• [Task requirements]:
Each record should be output exactly, with every character kept.

• [Excerpts from a dataset]:
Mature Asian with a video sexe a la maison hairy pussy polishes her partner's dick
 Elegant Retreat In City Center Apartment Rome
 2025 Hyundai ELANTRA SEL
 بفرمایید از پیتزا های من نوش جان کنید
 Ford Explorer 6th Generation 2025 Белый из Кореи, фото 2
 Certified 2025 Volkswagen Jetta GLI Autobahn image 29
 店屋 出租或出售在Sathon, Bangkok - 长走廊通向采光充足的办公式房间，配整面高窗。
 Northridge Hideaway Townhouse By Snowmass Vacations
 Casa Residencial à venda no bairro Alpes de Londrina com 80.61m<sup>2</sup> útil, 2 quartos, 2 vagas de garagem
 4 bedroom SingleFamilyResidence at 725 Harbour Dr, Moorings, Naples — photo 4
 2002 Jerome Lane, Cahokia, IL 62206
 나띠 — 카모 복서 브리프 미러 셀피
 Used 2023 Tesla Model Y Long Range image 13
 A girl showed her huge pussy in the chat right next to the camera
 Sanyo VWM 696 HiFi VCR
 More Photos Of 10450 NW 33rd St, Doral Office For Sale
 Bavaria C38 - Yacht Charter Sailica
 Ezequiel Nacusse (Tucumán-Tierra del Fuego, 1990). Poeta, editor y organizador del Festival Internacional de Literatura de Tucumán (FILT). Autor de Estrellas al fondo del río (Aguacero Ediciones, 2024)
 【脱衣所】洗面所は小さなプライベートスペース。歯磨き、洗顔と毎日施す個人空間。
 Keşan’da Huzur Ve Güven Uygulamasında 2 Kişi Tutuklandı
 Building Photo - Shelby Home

• [Finished exercise]:
Mature Asian with a video sexe a la maison hairy pussy polishes her partner's dick
 Elegant Retreat In City Center Apartment Rome
 2025 Hyundai ELANTRA SEL
 بفرمایید از پیتزا های من نوش جان کنید
 Ford Explorer 6th Generation 2025 Белый из Кореи, фото 2
 Certified 2025 Volkswagen Jetta GLI Autobahn image 29
 店屋 出租或出售在Sathon, Bangkok - 长走廊通向采光充足的办公式房间，配整面高窗。
 Northridge Hideaway Townhouse By Snowmass Vacations
 Casa Residencial à venda no bairro Alpes de Londrina com 80.61m<sup>2</sup> útil, 2 quartos, 2 vagas de garagem
 4 bedroom SingleFamilyResidence at 725 Harbour Dr, Moorings, Naples — photo 4
 2002 Jerome Lane, Cahokia, IL 62206
 나띠 — 카모 복서 브리프 미러 셀피
 Used 2023 Tesla Model Y Long Range image 13
 A girl showed her huge pussy in the chat right next to the camera
 Sanyo VWM 696 HiFi VCR
 More Photos Of 10450 NW 33rd St, Doral Office For Sale
 Bavaria C38 - Yacht Charter Sailica
 Ezequiel Nacusse (Tucumán-Tierra del Fuego, 1990). Poeta, editor y organizador del Festival Internacional de Literatura de Tucumán (FILT). Autor de Estrellas al fondo del río (Aguacero Ediciones, 2024)
 【脱衣所】洗面所は小さなプライベートスペース。歯磨き、洗顔と毎日施す個人空間。
 Keşan’da Huzur Ve Güven Uygulamasında 2 Kişi Tutuklandı
 Building Photo - Shelby Home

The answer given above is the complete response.